# California Trimmer restore #3



## LBK_419 (Jul 25, 2018)

Found this one on Craigslist for $50. Went to pick it up and he gave it to me for free because he was afraid it wouldn't work correctly. 
I plan on digging in to it this weekend to see what all needs to be replaced.

Trying to decide what color to do this one? Also nice to get a 50th anniversary edition.


----------



## Percheron (Apr 21, 2020)

I'm looking forward to seeing your project. There are a few California Trimmers for sale around here on Craigslist and I've been thinking of doing this.


----------



## LBK_419 (Jul 25, 2018)

Tore in to #3 today. Cleaned up the Honda and ordered a new carb, sump gasket, oil seal, and ignition coil. Took the sump cover off and drained all the oil and cleaned everything out.
Then I took apart everything else piece by piece and started degreasing everything. Going to have to order new wheel bearings/bushings, side chain guard cover, grass deflector. Still trying to decide what color to paint this one. I need to find a good price on a used replacement 5 blade reel - this one has very little life left. If anyone has any leads please let me know.


----------



## SGrabs33 (Feb 13, 2017)

@LBK_419 your an expert @ this by now. Haha. Did you get rid of your other two?


----------



## LBK_419 (Jul 25, 2018)

SGrabs33 said:


> @LBK_419 your an expert @ this by now. Haha. Did you get rid of your other two?


@SGrabs33
Thanks!
And no I didn't yet.
My plan is to try and sell all three to make enough money to buy a brand new one. We'll see how that goes.


----------



## SOLARSUPLEX (Aug 4, 2020)

When you're looking for used mowers, what are the big ticket items you wont buy if they need replacing? Im seeing 2-5 mowers pop up on offerup each week for anywhere from 100-300. I'm mechanically inclined to rebuild and clean up something, but i dont want to end up putting $600 into one of these if i can avoid it. I assume the main components are the motor, reel/bedknife, and bearings?


----------



## LBK_419 (Jul 25, 2018)

SOLARSUPLEX said:


> When you're looking for used mowers, what are the big ticket items you wont buy if they need replacing? Im seeing 2-5 mowers pop up on offerup each week for anywhere from 100-300. I'm mechanically inclined to rebuild and clean up something, but i dont want to end up putting $600 into one of these if i can avoid it. I assume the main components are the motor, reel/bedknife, and bearings?


@SOLARSUPLEX 
The reel and the bed knife for sure. Bearings have been cheap/easy to replace so far. 
The motor I don't worry about too much. The last two Honda's the sellers have both said don't work, but a cheap carb from Amazon and oil seals/gaskets fixed both and pretty cheap - $30 for all parts.


----------



## Steely (Sep 24, 2017)

I will be watching this thread intently.


----------



## Steely (Sep 24, 2017)

@LBK_419 Did you have any troubles removing the reel sprocket? I removed both set screws, but it doesn't seem to want to budge. I sprayed WD-40, but maybe i need to try some penetrating spray? I do not own a gear puller, but would consider getting one if that is needed. Also, did you use the oven cleaner on the reel as well?

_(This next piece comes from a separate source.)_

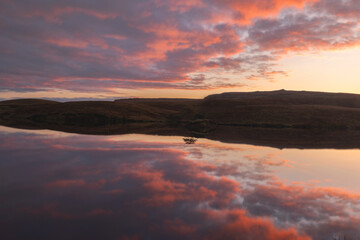 Quiraing mountains Reflections  at a lake in Skye Island, Scotland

Ultimately I would like to strip down my Trimmer and paint it over the winter. You have inspired me with your projects.

On a good note, I was able to backlap the reel last night and it is cutting paper great now.


----------



## LBK_419 (Jul 25, 2018)

Steely said:


> @LBK_419 Did you have any troubles removing the reel sprocket? I removed both set screws, but it doesn't seem to want to budge. I sprayed WD-40, but maybe i need to try some penetrating spray? I do not own a gear puller, but would consider getting one if that is needed. Also, did you use the oven cleaner on the reel as well?
> 
> Ultimately I would like to strip down my Trimmer and paint it over the winter. You have inspired me with your projects.
> 
> On a good note, I was able to backlap the reel last night and it is cutting paper great now.


@Steely 
I did have to use penetrating oil and a gear puller. I just bought a cheap one at harbor freight. This is probably the hardest part of the whole disassembly.

I have used the oven cleaner on the reel. This time I used aircraft remover that I bought at Walmart for $13 and it worked great. Feel free to call me at 806-543-6932 if you get stuck on anything.


----------



## Steely (Sep 24, 2017)

@LBK_419 did you end up putting a clear coat on your paint?


----------



## LBK_419 (Jul 25, 2018)

Steely said:


> @LBK_419 did you end up putting a clear coat on your paint?


@steely I did not. I used primer and 2 coats of paint.


----------